Любой стильный человек погружен в настоящее. Это очень важно. И при некотором, повторюсь, романтизме в нем есть заведомая готовность к трагичности. Стильный фильм, как правило, не предполагает хэппи-энда. И если он есть, то, по сути, не имеет значения. Стильный человек, мне кажется, должен быть почти бездельником. Но очень качественным бездельником. Анук Эме в фильме «Сладкая жизнь», к примеру, безупречно стильная женщина. Но она бездельница.
Стильность предполагает свою, а не традиционную систему ценностей. Скажем, протестантская система ценностей с пафосом работы, «заточенная» на карьеру, улучшение мира вокруг себя — это другое. И потому в американской мифологии не может быть стильным, скажем, работник банка, даже если он безукоризненно одет. Стильным может быть бандит или ковбой. Им завтрашний день, в общем-то, «по барабану»...

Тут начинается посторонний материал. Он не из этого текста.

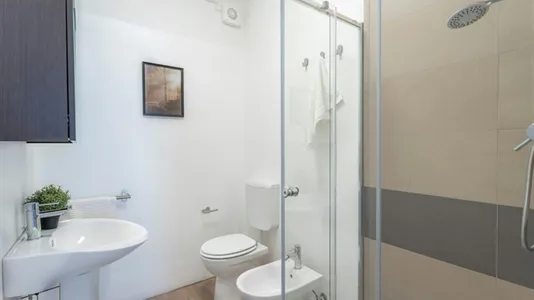 Rooms in Udine - photo 9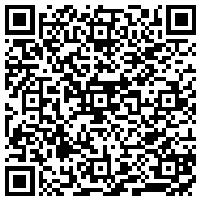QR Code for bitcoin:bitcoin:bitcoin:bitcoin:bitcoin:bitcoin:bitcoin:bitcoin:bitcoin:bitcoin:148CxjMYhXoSSN2HwBioBgDvuBdFpdW7WB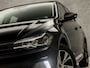 Volkswagen Polo 1.0 Sportline (APPLE ARPLAY, GROOT NAVI, PARKEERSENSOREN, SPORTSTOELEN, LM VELGEN, CRUISE, NIEUWE APK, NIEUWSTAAT)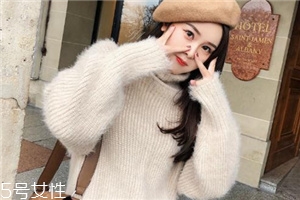 毛衣粘上老鼠膠怎么辦？千萬不要強(qiáng)力拉扯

Может быть, фильм «Москва» и представляется вам стильным потому, что его герои оторваны от вчерашнего дня и не особо заинтересованы в будущем, они живут моментом! Другими словами, стиль — это режиссура, направленная в настоящее.

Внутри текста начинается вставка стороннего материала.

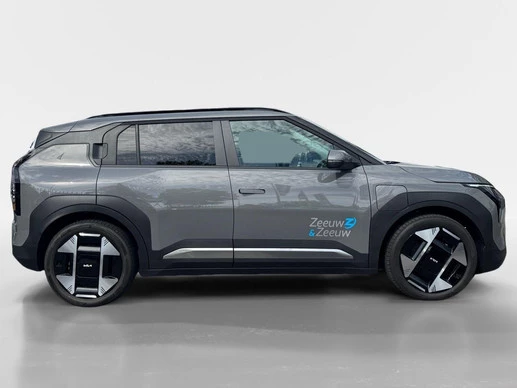 Kia EV3 - Afbeelding 5 van 24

— Насколько я понимаю, вы относитесь к жизни с большой симпатией? А загулять можете?
— Могу. Но вы знаете, искушение нашей профессией в том и состоит, что ничто другое, кроме работы (разве только любовь), не доставляет столь острого ощущения нахождения в настоящем времени. Это как наркотик. Наркотики, ведь как ни странно, употребляют не для того, чтобы избежать действительности, напротив — чтобы в нее попасть. Конечно же, у меня есть свой набор ритуальных удовольствий — вождение машины, красное вино, виски, путешествия, даже хорошая обувь (в этом смысле, пожалуй, я сибарит), но ничто не приближается по качеству пронзительного проникновения в настоящее так, как режиссура. Это наслаждение. Мучительное, но наслаждение.